= Bullet (car) =

1996 low-volume production car

Created by John Bettini, the first Bullet car prototype was built in 1996 utilising a Mazda MX-5 body. The chassis was designed and fabricated by Barry Pearson; it consisted of a square-tube spaceframe onto which a 13B rotary powerplant from a Mazda RX-7 was fitted.

Two more years of development saw a number of cars built; the first V8 was powered by a TVR crate engine supplied by the customer. According to CarSales it used a 4.6 litre Rover engine. Bettini decided a Toyota 4.0 litre Quadcam as used in the Soarer and Lexus SC400 would be a more desirable choice and the next production run saw four normally aspirated cars built and sold.

Sprintex, a supercharger company owned by Advanced Engine Components Ltd. (AEC) was commissioned to develop a supercharger system for the new "wide-body" model released in late 1999. AEC was so impressed with the supercharged Bullet SS that they purchased the Bullet company and set up a new manufacturing facility at Yatala in Queensland Australia.

The wider body models shared only the boot lid and doors with the Mazda MX5, with all other body panels made from fiberglass reinforced plastic that was bonded to the chassis.

AEC decided that the new Bullet Roadster and supercharged SS models should become fully Australian Design Rules (ADRs) compliant, and they invested heavily to achieve that end on 4 December 2002. All cars built from then on were classified as genuine production models and were priced at $98,000 for the Roadster and $118,000 for the SS.

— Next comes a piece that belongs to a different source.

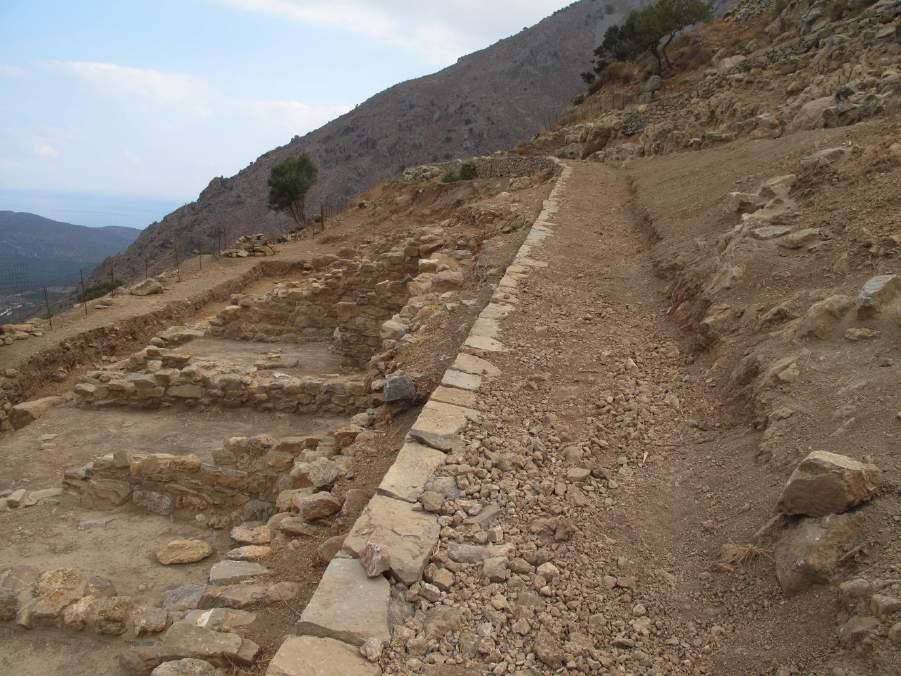 5. Διαμόρφωση μονοπατιών Η διαμόρφωση των μονοπατιών έγινε αρχικά με γνώμονα την εξυπηρέτηση της αρχαιολογικής έρευνας, της συντήρησης και της προστασίας του χώρου.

Performance was significantly better than the base vehicle with the 320 kW engine taking the SS from zero to 100 km/h in less than 5 seconds. Braking and cornering were also improved due to the larger Brembo brakes and fully adjustable suspension attached to 18 × 9" wheels.

Resale values remain high with recent sales (2008) of $27,500 for an excellent 1998 Rotary, $37,500 for a 2000 Roadster and $62,000 for a pre-production supercharged SS.